Natural hair coloring

Natural hair coloring

You you mCare more and more about the makeup of cosmetics, and hair dyes seem to be the most chemical of all. There may be an alternative with natural and vegetable colors. But are they also covering? Can you color your hair naturally white?

Natural and vegetable coloring, what is it?

The 100% natural vegetable dyes are mainly composed of henna and other dye plants. This is the name of pigmented plants which are used for dyeing fabrics or for cosmetic purposes. We can thus cite indigo which allows dark reflections and blue tones, hibiscus for red and auburn reflections, or even madder for more red reflections.

How do natural hair colors work?

These herbal mixtures provide a lot of care to the hair during the color. But for this to attach, of course, they need a fairly powerful base. It is mainly henna which can be neutral (without coloring effect) or pigmented. It allows the vegetable colors to hang on the hair fiber. The other plants, for their part, provide more or less marked nuances.

But if they can tint, vegetable dyes cannot lighten.

Natural coloring of gray hair

Color nuanced but not covering

Natural vegetable dyes can be effective in coloring gray hair under certain conditions. If they do not allow for 100% dark coverage, they can create a nuanced color. Thus, white hair is masked by a light, luminous color that blends into the hair.

To achieve this result, the color is applied in two stages. In this case, it is therefore better to entrust its vegetable coloring to a professional salon.

Natural white hair coloring without henna

There are natural colors without henna that can hide your gray hair, if you have less than 50%.

However, like other vegetable colorings, it is impossible to completely mask gray hair over time. Nor even to completely change color. A vegetable coloring without henna simply allows you to blend a color into your base.

But this is a good alternative if you really want natural hair color and are worried about henna.

Natural henna coloring

What is henna?

At the origin of the vegetable coloring, henna comes from a shrub (Lawsonia inermis). Its leaves, very rich in pigments, are reduced to powder. This coloring material, widely used in Eastern countries, can color the hair but also the skin.

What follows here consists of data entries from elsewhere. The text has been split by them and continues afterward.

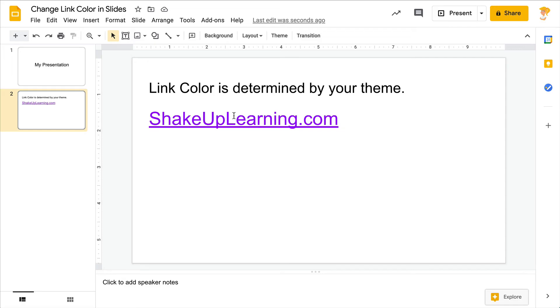But this will save you tons of time if you like to get everything just right in Google Slides. So again, that is in the master slide where you can change that theme color.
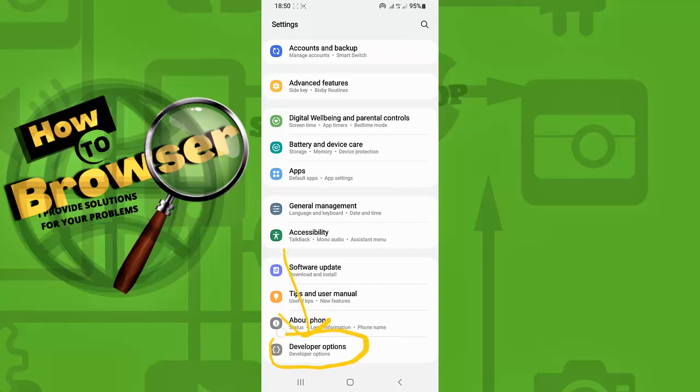Obviously you already have this activated, otherwise you wouldn't be able to have show touches enabled. So now just go there.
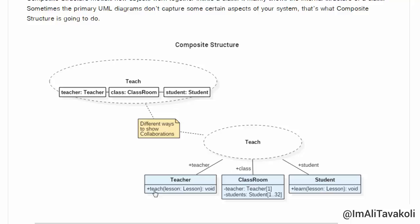Here we're saying that the teach method of the teacher class is important. Here we're saying that the teacher and students attributes of the classroom are important, and we have also mentioned the multiplicity. Here we're saying that the learn method of the student class is important in the teach collaboration. That's all there is to the collaboration.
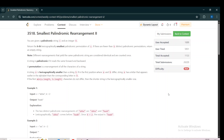Hello everyone. Today I am going to explain the third problem of LeetCode Weekly Contest 445, which is 'K-th Smallest Palindromic Rearrangement 2'. We are given a palindromic string S and an integer K. We have to return the K-th lexicographically smallest palindromic permutation of S.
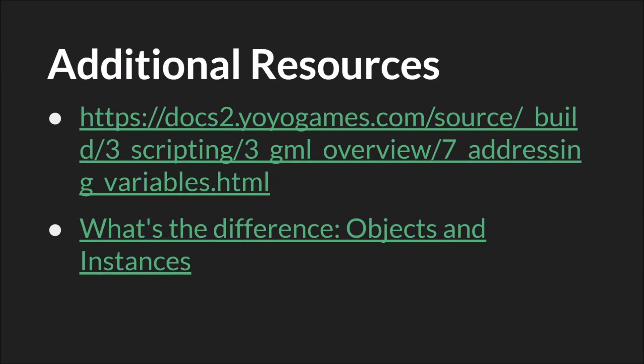As always the links will be below and I think I've linked in this one before but I would strongly recommend reading what's the difference objects and instances on the official GameMaker Community Forum. It's a great way to think about these issues and see some examples of what you should or should not do. Links to the source code will also be below as well links to the slides themselves. And that's it. Thanks for watching.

There is also a neutral henna, which comes from another plant (Cassia auriculata). It is a green powder that cares for the hair but does not color it.

Avantages

Henna coloring is also a treatment for the hair. Unlike conventional hair colors, coloring with henna is therefore a real moment of care. Unless you have dry hair. Henna sometimes absorbs sebum and dries out already weakened hair if you leave it on for too long. Because from one hour to one night, henna can keep for a long time before being rinsed off.

Henna is, in a way, a semi-permanent color. It lasts longer than tone-on-tone hair color, but it will fade over the months. Being more melted in the hair, it limits the root effect of regrowth.

Disadvantages and contraindications

Despite the benefits mentioned above, henna does have a few drawbacks. It starts with the randomness of coloring. Depending on your base and your own shades, the exposure time, your coloring will be more or less intense.

Another problem, and not the least, henna can turn orange on some bases. This is difficult to predict, depending on previous colorings or even a brightening of the sun.

If you buy henna coloring, additionally take a close look at its composition. It happens that commercial henna contains metallic salts. They are intended to enhance the red color in the henna. But they can be irritating and damage the hair. Likewise, some henna claiming to be vegetable contains paraphenylenediamine (PPD), a substance that is very allergenic.

It is therefore essential to turn to genuinely vegetable henna dyes. The composition indicated on the packaging should not be too long in general. The reverse often makes it possible to understand that there is more chemical than vegetable in the product.

It is therefore better to move towards a 100% vegetable coloring.